In the present implementation, the path memory is truncated to a length of 12 b. The excess BER due to truncating the path memory is not negligible compared to the decoder BER at the high end of the SNR range of measurement. Tracing back a local-optimum sequence extends this SNR range toward lower values. Thus, any direct measurement would have been affected by the excess BER. To highlight the extremely low BER performance of the decoder, a different measurement technique was applied at high SNR's. The local trace back was performed on both states of the dicode decoder. From the resulting local optimum sequences, 2 b were detected. The detected bits were compared against the corresponding original bit and an error was flagged only when both of the detected bits were not correct. Having two opposite detected bits is an indication that two survivor sequences have not yet merged. These sequences could have merged if a deeper path memory had been used. Note that even if these sequences had merged, still an error could have occurred with a probability equal to the BER of the decoder. Ignoring these errors results in setting a BER target that is, in general, below the BER of the Viterbi decoder. Any measurement now should be compared to this fictitious target. However, simulations indicate that in the SNR and BER ranges of interest, and for the memory length of 12 b, this target is hardly distinguishable from the Viterbi bound and the above technique can be used for low-BER measurements. Fig. 23 shows a typical pseudorandom binary signal (uncoded) and the decoded output at 100 Mb/s for one dicode. The decoded output shows a delay slightly more than the expected 13 b (12 b due to the length of the path memory plus 1 b processing time). This extra delay is because of the latency introduced by the propagation time and was not observed at low speeds. Table I summarizes the specifications of the chip as well as some of the experimental results.
VIII. CONCLUSIONS
Analog Viterbi decoders result in significant savings in power and size, while operating at higher speeds, compared to their conventional digital counterparts. This paper described a successful attempt toward realizing a class-IV partial-response Viterbi decoder in the analog domain. It was demonstrated that such a decoder can be efficiently realized using a few simple building blocks.

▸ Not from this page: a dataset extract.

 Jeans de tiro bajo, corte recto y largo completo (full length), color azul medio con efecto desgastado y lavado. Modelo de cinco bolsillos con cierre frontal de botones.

This goal was achieved by examining the difference-metric algorithm from an analog implementation point-of-view. The outcome was the new input-interleaved algorithm. It was demonstrated that the complexity of the decoder is comparable to that of a 2-b A/D. This illustrates a substantial decrease compared to that of the typical 6-b prestage A/D required in digital realizations. Furthermore, the decoder was shown to be faster and more robust than other reported analog decoders. The fast operation of the decoder was illustrated in practice, whereas extensive simulations were appealed to confirm the robustness of the structure to various analog imperfections which vary from one implementation to the other.

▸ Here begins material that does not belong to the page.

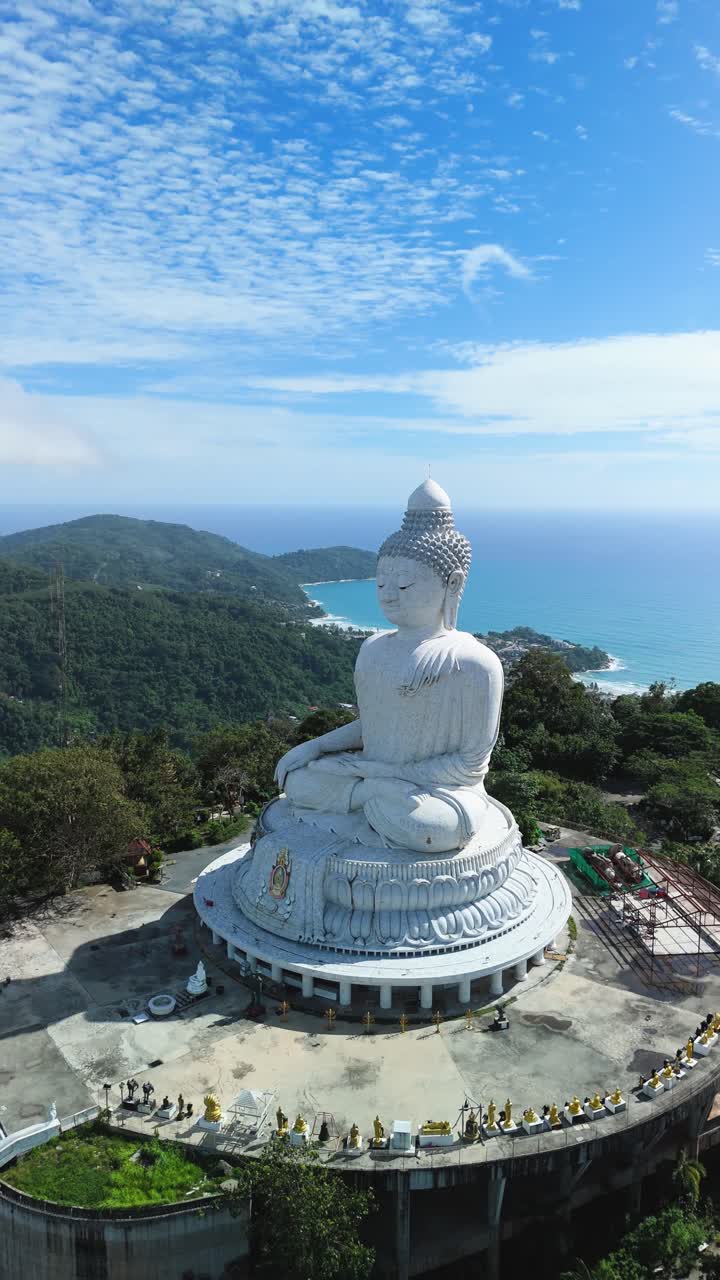 Vertical aerial approach orbits right around Phuket Big Buddha with sweeping Andaman views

The decoder was fabricated in a 0.8-m BiCMOS process, tested, and achieved a speed of 100 MS/s per dicode, corresponding to 200 MS/s for the class-IV operation. Direct experiments on the class-IV decoder were limited to 100 MS/s due to the test equipment limitations. The power consumption of the chip was only 30 mW from a 3.3-V single power supply. The core area is 0.5 mm , from which only 25% is dedicated to the analog circuitry. These features make the analog detector an extremely attractive alternative in commercial products for demanding high-speed, low-power, and small-size applications such as magnetic disk-drive storage systems.